§ **Recorded information**
[Start of Attachment]

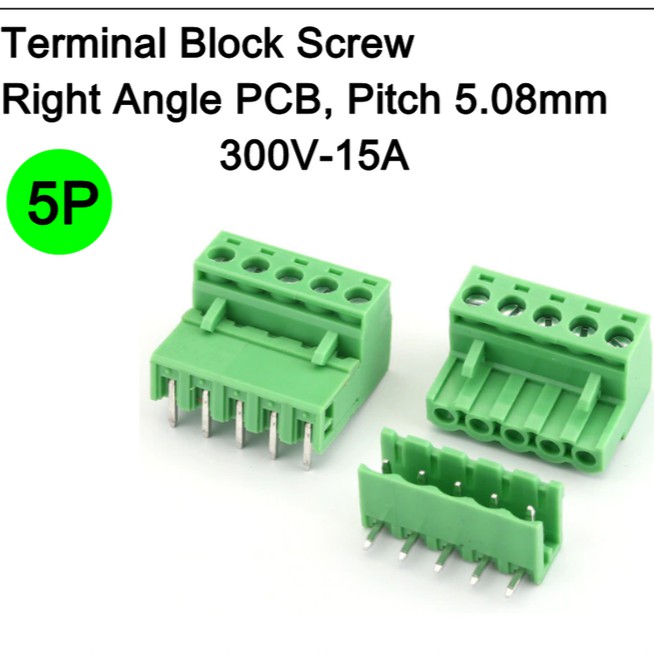 Terminal Block 5 Pin PCB 2EDG Pitch 5.08mm Type L Siku Male Female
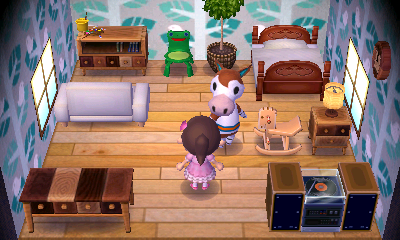 Interior of Papi's house in Animal Crossing: New Leaf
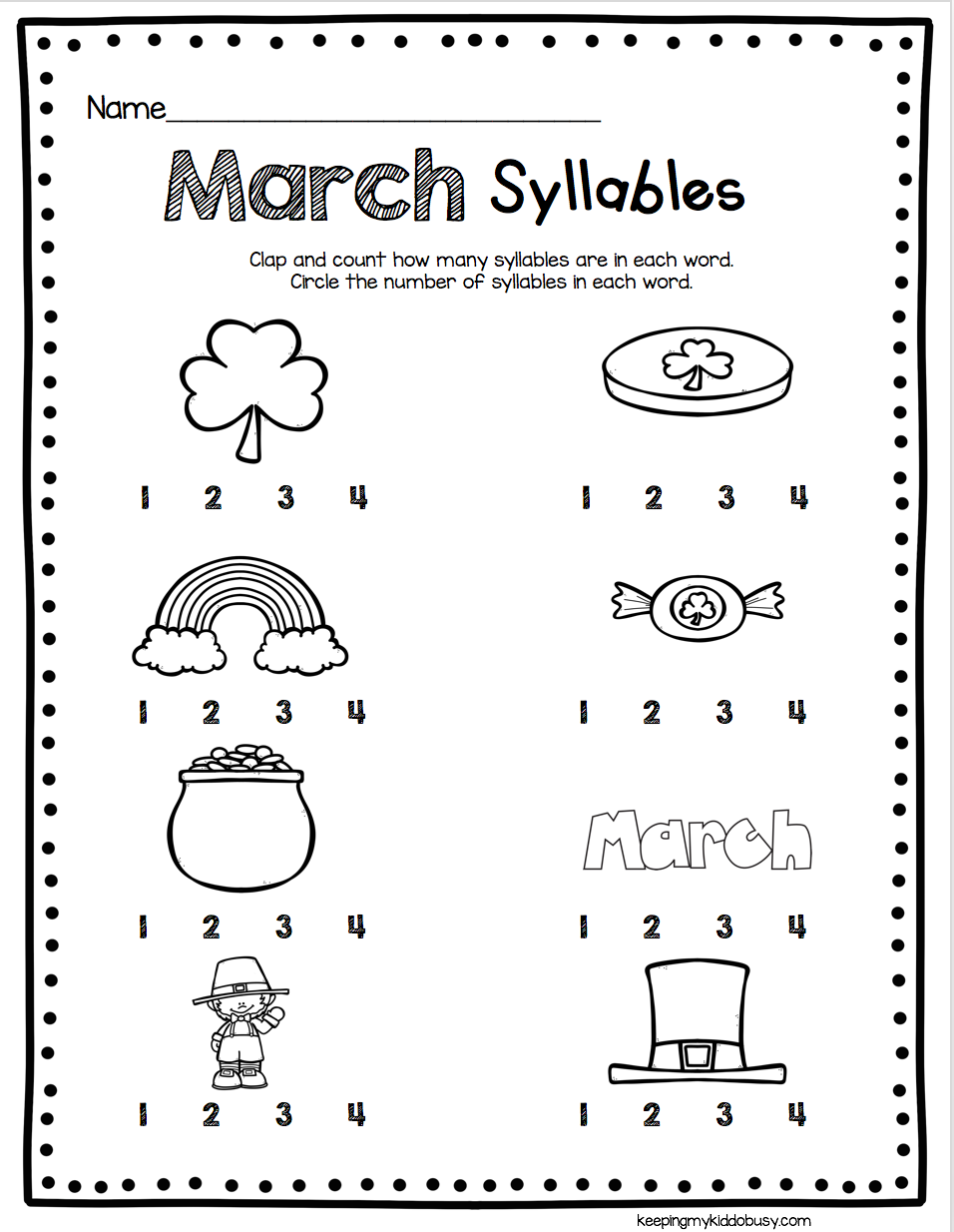 March Worksheets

[End of Attachment]

§ **Your instructions**
Return the material from above in full, exactly as written, with the pictures omitted.

§ **Task solution**
 Terminal Block 5 Pin PCB 2EDG Pitch 5.08mm Type L Siku Male Female
 Interior of Papi's house in Animal Crossing: New Leaf
 March Worksheets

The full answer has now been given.